Chemical composition can cause attack on dust collector
elements or corrosion in wet type dust collectors. Sticky
materials like metallic buffing dust impregnated with buffing
compounds can adhere to collector elements plugging dust
collector passages. Linty materials such as dust from textile
opener, picker and napper will adhere to certain types of
collector surfaces or elements. Abrasiveness of many materials
in moderate to heavy concentrations such as dust from sand
blasting will cause rapid wear particularly on dry type
centrifugal collectors. Particles size and shape will rule out
certain collector designs. The parashute shape of particles such
as "bees wings" from grain will "float" through centrifugal
collectors due to their velocity of fall being slower than much
smaller spherical particles of the same specific gravity.
Combustible nature of many finely divided materials will
influence selection of explosion proof dust collectors for such
products.

* Methods of disposal.
Methods of removal and disposal of collected materials will
vary with the material, plant process, quantity involved and the
collector design. Dry collectors can be unloaded continuously or
in batches through dump gates, trickle valves and rotary locks
to conveyors or containers. Wet collectors can be arranged for
batch removal or continual ejection of dewatered material by
flight conveyors or draining as a slurry. Material
characteristics can influence other problems, such as packing
and bridging of dry materials in dust hoppers, floating of
slurry forming characteristics in wet collectors, etc.

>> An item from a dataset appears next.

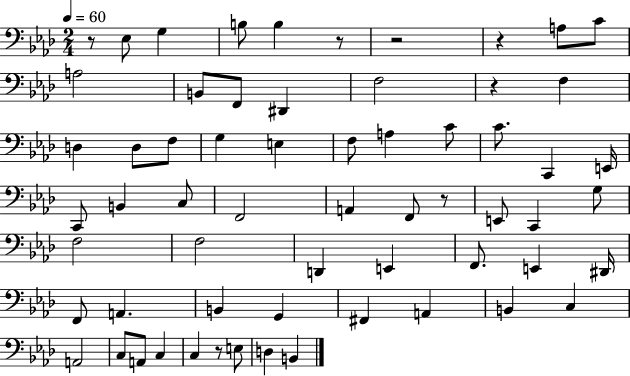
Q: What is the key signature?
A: AES major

One of the most efficient type of dust collectors is
Electrostatic Precipitator.

The principle of dust collection relies on the ability to impart
a negative charge to particles in the gas stream causing them to
move and adhere to the grounded or positively charged collector
plates. Most precipitators are made for horizontal air flow with
velocities 100 to 600 fpm. The collecting plates or electrodes
are parallel elements, usually on 9-inch centers, and
constructed in various ways including corrugated or perforated
plates for rod curtains. The electrode rods are centered between
the collector plates. Volatge difference between electrode and
plate is 60,000 to 75,000 volts in most designs. Collector
plates of cylindrical shapes surrounding the electrode tod are
provided where water is used to wash off collected material and
where the gas stream is under high pressure or vacuum.
Removal of the collected material is obtained by rapping or
vibrating the elements either continuously or at predetermined
intervals. Vibration or unloading usually takes place without
stopping air flow through the cleaning cycle.

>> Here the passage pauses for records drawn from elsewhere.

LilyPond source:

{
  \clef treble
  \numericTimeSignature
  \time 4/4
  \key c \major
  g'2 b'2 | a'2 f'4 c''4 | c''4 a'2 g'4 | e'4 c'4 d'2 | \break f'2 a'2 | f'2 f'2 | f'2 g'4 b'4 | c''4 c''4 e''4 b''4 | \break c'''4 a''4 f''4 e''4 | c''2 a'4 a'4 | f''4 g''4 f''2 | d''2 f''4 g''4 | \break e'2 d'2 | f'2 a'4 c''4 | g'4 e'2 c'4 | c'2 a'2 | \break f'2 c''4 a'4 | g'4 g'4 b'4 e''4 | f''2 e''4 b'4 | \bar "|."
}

Pressure drop is low. Collection efficiency is high and nearly
uniform regardless of particle size including sub-micron
particles. Space is relatively large and cost is high where
small gas volumed (below 50,000 CFM) are involved due to the
cost of high voltage electrical equipment. Efficiency is
improved with increased humidity of the air stream as a change
takes palce in the dielectric properties of the dust. Heavy
concentrations, on the other hand, cause a reduction in
collection as the space chatge on numerous particles blankets
the corona effect from the electrode.

Electrostatic precipitators have been extensively used in high
temperature gas cleaning from equipment such as blast furnaces,
open heart furnaces and central station pulverized fuel boilers.
The chemical industry has many applications including sulfuric
acids plants, carbon black, cement kilns and soda sh from paper
mill black liquor furnaces. As voltage setting is close to the
spark-over potential, application is limited to materials that
are not explosive or combustible in nature unless the carrier
gas stream is an inert gas.

For additional information please refer to
http://www.nis-co.com/dustcollection/Index.html.

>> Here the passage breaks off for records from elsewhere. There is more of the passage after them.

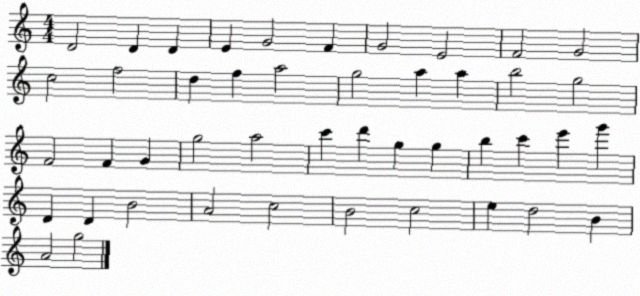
X:1
T:Untitled
M:4/4
L:1/4
K:C
D2 D D E G2 F G2 E2 F2 G2 c2 f2 d f a2 g2 a a b2 g2 F2 F G g2 a2 c' d' g g b c' e' g' D D B2 A2 c2 B2 c2 e d2 B A2 g2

Oleg Tchetchel, Ph.D Process Engineer Canadian Air Systems
http://www.nis-co.com
http://www.nis-co.com/fumeextractor/Index.html

About the author:
Oleg Tchetchel, Ph.D Process Engineer Canadian Air Systems
http://www.nis-co.com
http://www.nis-co.com/fumeextractor/Index.html

DISTURBANCE IN BOILER DRUM LEVEL

DISTURBANCE IN BOILER DRUM WATER LEVEL-IF THERE IS SUDDEN LOAD THROW OFF THE WATER LEVEL WILL GO DOWN AND PRESSURE WILL RISE.HENCE WHENEVER THERE IS POSSIBILITY OF LOAD DROP,OPERATOR SHOULD BE CAREFUL TO CONTROL WATER LEVEL.DUE TO SUDDEN LOAD PICK UP WATER LEVEL WOULD RISE,IF TOOMUCH COLD WATER IS FED TO THE BOILER WATER WULD RISE.IF THERE IS ANY DOUBT ABOUT WATERLEVEL THEN CHECK THE WATER LEVEL AT DRUM GAUGE GLASS.IF NONE OF YHE GAUGE GLASSES ARE IN SERVICE IT IS PREFERABLE TO WITHDRAW BOILER FROM SERVICE.IF WATER LEVEL VASHES OUT OF SIGHT AND FEED FLOW IS NOT AVAILABLE FOR CONSIDERABLE TIME IT IS PREFERABLE NOT TO FILL IN WATER UNTIL THE BOILER HAS COOLED DOWN NATURALLY.THIS IS TO AVOID QUENCHING OF HOT METAL PARTS.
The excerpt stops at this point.